Peals is William Cashion and Bruce Willen, two bass players for some of Baltimore’s most revered bands (Future Islands and Double Dagger respectively) known for their passionate and energetic live performances. With Peals, the duo creates intimate ambient music based in improvisation, flipping the bombast of their other groups on its head in pursuit of a more subdued muse. Seltzer is a special limited edition cassette release that captures the duo at their most raw and experimental. Side A features a recording of a live performance inside the clock room of Baltimore's Bromo Seltzer Tower, a collaborative installation with multimedia artist Zoe Friedman. The b-side collages some of the duo’s improvised home recordings into a seamless mixtape-esque composition, drifting through Peals' earliest rehearsals to their most recent sessions.
Seltzer will be released as a cassette tape (limited to 400), as well as a numbered laser cut print by Friedman that includes a digital download.
William and Bruce talk about the experience of performing in the clock room:
“We first visited the clock room on a cold winter night. In the stillness above the city, the darkened space took on the hush of a post-industrial church. We all found ourselves talking in low voices as if out of respect for some giant clockmaker. Unexpectedly, a series of loud pops and bangs broke the quiet, causing the three of us to jump—the large bank of elevator controls had sprung to life as someone called the elevator from one of the lower floors. We realized that the random whirring of the equipment and loud sparking noises were going to be inescapable elements in the room during the performance. Rather than mask the noises of the machinery, we decided to incorporate its sounds into our performance. Attaching a contact mic to the elevator controller, we captured and amplified the random clicks and pops of the machinery, adding to the layer of ambient sounds reverberating through the space.

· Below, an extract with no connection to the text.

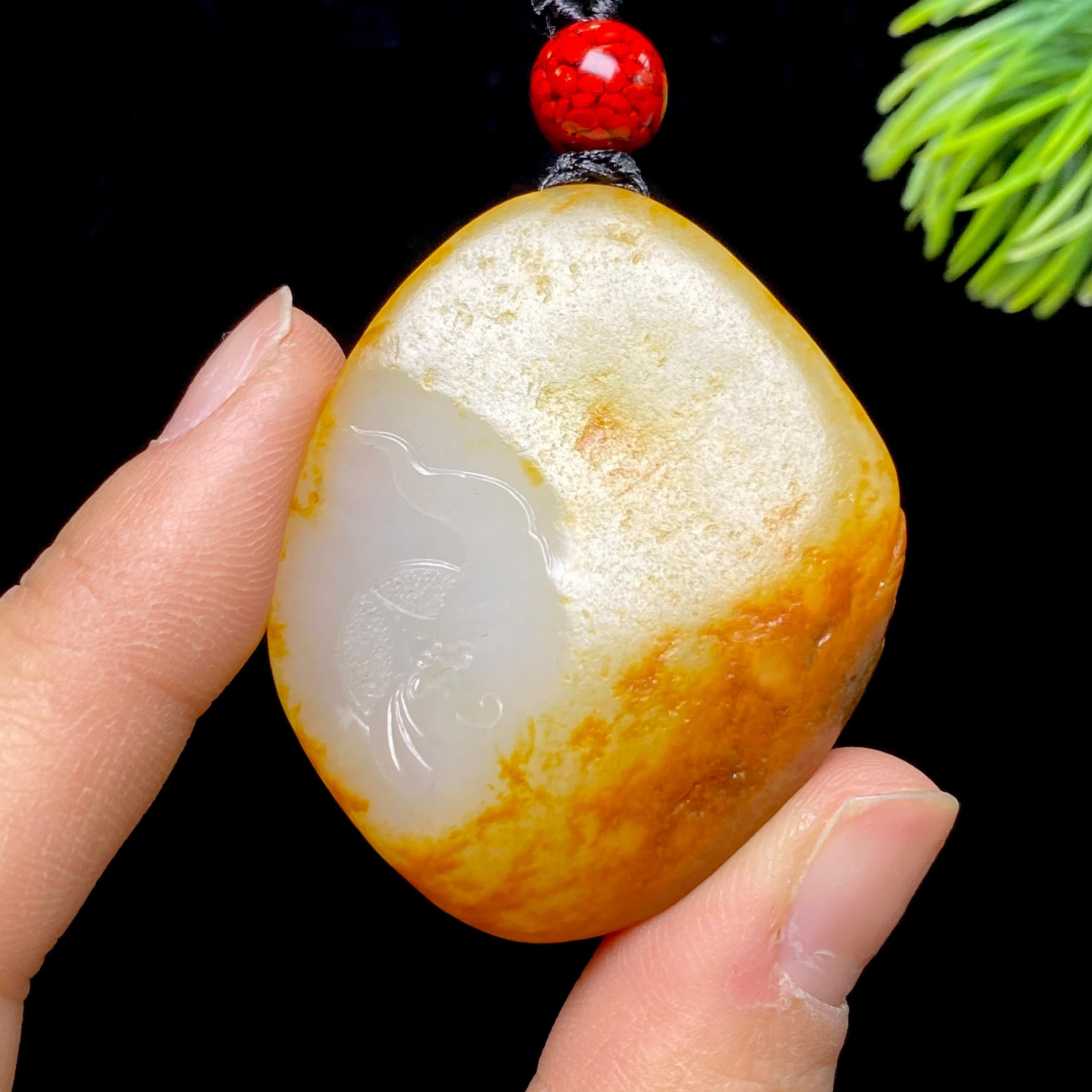 和田玉籽料佛公（31.3g）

Our performance included compositions created specifically to accompany Zoe’s projections as well as two adaptations of pieces from our Walking Field album. Because the clock motor hummed in the key of G, we tried to write pieces that would fit harmoniously with this tone. Noises from the elevator controller appear at unexpected-yet-oddly-appropriate times. Shortly before the last movement, you can hear a distant siren echoing from the streets below. This recording documents the first of two performances and was the first time that we had performed these pieces in a live setting.”